Collected data
_ _ _

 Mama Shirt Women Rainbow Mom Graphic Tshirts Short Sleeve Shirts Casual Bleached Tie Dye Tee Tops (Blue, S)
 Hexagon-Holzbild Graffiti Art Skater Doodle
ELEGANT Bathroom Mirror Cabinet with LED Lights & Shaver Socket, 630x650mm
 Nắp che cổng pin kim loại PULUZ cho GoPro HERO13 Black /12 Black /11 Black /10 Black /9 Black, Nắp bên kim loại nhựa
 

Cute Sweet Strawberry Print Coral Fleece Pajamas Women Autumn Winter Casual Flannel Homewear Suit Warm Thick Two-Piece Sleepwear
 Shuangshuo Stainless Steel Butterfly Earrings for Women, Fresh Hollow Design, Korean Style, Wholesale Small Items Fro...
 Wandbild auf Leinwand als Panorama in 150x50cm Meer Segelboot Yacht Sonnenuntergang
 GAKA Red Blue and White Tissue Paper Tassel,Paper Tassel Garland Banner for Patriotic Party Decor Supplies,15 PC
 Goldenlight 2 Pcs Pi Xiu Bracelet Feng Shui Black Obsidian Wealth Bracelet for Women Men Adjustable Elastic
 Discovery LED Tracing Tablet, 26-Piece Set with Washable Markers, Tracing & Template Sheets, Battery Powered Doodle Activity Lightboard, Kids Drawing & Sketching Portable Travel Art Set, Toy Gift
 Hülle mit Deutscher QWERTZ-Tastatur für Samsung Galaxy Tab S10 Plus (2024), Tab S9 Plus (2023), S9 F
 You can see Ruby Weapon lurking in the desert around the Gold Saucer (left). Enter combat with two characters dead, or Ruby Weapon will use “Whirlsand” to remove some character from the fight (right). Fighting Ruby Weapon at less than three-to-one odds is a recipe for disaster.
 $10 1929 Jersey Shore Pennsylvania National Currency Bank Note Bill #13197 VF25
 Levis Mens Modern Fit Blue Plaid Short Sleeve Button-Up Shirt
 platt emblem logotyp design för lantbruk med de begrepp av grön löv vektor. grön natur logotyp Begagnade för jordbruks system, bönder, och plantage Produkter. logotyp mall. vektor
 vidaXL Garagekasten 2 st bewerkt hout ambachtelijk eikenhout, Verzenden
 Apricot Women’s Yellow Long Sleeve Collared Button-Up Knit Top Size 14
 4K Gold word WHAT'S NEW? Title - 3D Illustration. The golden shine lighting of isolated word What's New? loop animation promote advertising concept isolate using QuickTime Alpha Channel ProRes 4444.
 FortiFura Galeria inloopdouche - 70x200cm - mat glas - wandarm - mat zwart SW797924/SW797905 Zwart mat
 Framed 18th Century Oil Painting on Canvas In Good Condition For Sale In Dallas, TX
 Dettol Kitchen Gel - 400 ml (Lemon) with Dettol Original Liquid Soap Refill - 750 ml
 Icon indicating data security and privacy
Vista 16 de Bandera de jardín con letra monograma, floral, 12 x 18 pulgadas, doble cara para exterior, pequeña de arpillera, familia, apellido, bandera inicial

_ _ _

▶ **ACTIVITY**: Exactly the lines from the one containing "You can see" through the final line of the records above are needed, copied word for word.

▶ **RESULT**:
 You can see Ruby Weapon lurking in the desert around the Gold Saucer (left). Enter combat with two characters dead, or Ruby Weapon will use “Whirlsand” to remove some character from the fight (right). Fighting Ruby Weapon at less than three-to-one odds is a recipe for disaster.
 $10 1929 Jersey Shore Pennsylvania National Currency Bank Note Bill #13197 VF25
 Levis Mens Modern Fit Blue Plaid Short Sleeve Button-Up Shirt
 platt emblem logotyp design för lantbruk med de begrepp av grön löv vektor. grön natur logotyp Begagnade för jordbruks system, bönder, och plantage Produkter. logotyp mall. vektor
 vidaXL Garagekasten 2 st bewerkt hout ambachtelijk eikenhout, Verzenden
 Apricot Women’s Yellow Long Sleeve Collared Button-Up Knit Top Size 14
 4K Gold word WHAT'S NEW? Title - 3D Illustration. The golden shine lighting of isolated word What's New? loop animation promote advertising concept isolate using QuickTime Alpha Channel ProRes 4444.
 FortiFura Galeria inloopdouche - 70x200cm - mat glas - wandarm - mat zwart SW797924/SW797905 Zwart mat
 Framed 18th Century Oil Painting on Canvas In Good Condition For Sale In Dallas, TX
 Dettol Kitchen Gel - 400 ml (Lemon) with Dettol Original Liquid Soap Refill - 750 ml
 Icon indicating data security and privacy
Vista 16 de Bandera de jardín con letra monograma, floral, 12 x 18 pulgadas, doble cara para exterior, pequeña de arpillera, familia, apellido, bandera inicial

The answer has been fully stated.